When you find the line with "120 g SUNAR" among the records below, reproduce it and each line after it exactly, ending with the line with "Lampadario rettangolare in".

#### MATERIAL SUPPLIED:
========================================

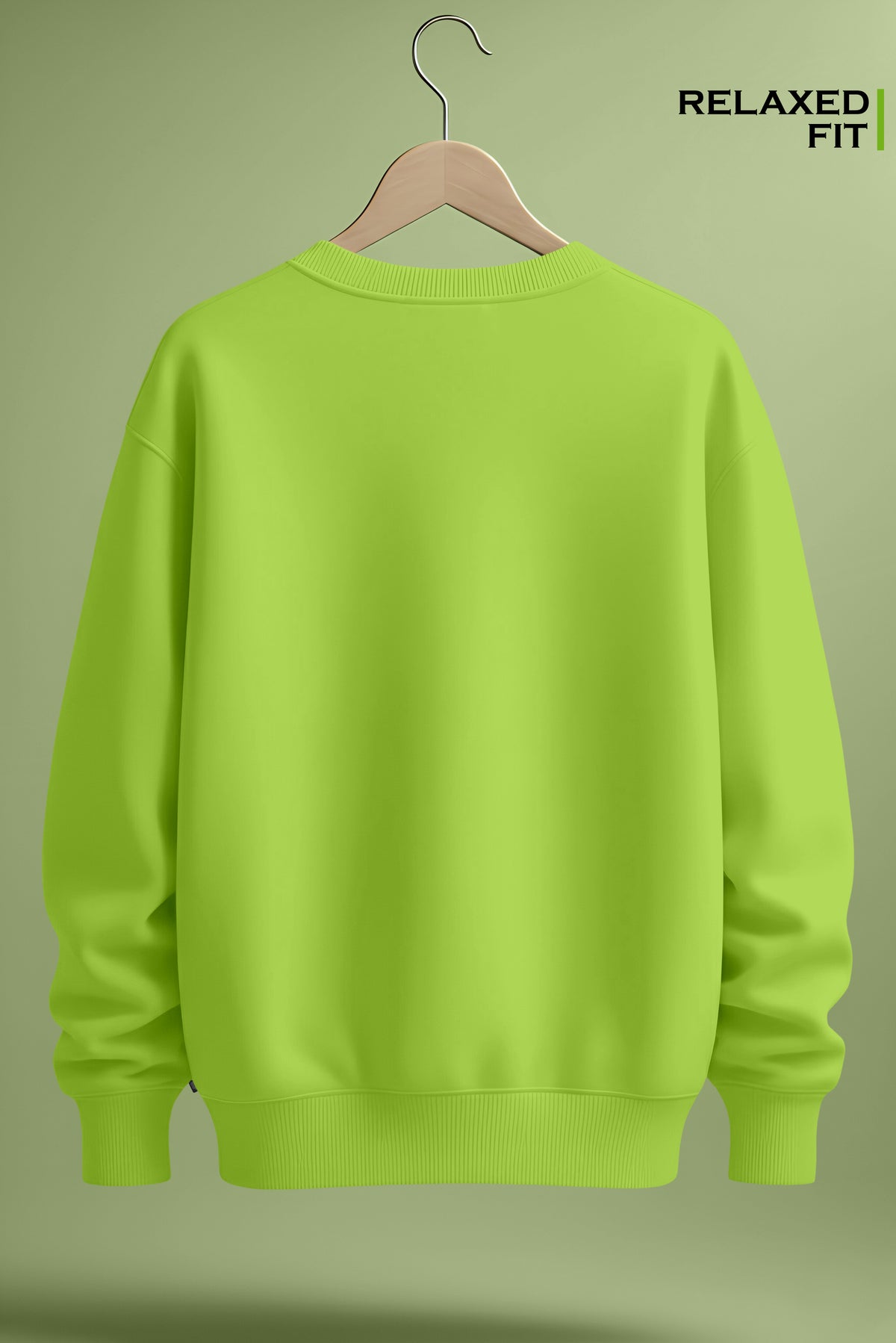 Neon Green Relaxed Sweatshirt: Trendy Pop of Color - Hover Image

========================================

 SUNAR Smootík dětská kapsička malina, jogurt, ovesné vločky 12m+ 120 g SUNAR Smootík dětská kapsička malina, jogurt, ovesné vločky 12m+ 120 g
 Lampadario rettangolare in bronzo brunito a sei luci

========================================

#### ANSWER TO THE EXERCISE:
 SUNAR Smootík dětská kapsička malina, jogurt, ovesné vločky 12m+ 120 g SUNAR Smootík dětská kapsička malina, jogurt, ovesné vločky 12m+ 120 g
 Lampadario rettangolare in bronzo brunito a sei luci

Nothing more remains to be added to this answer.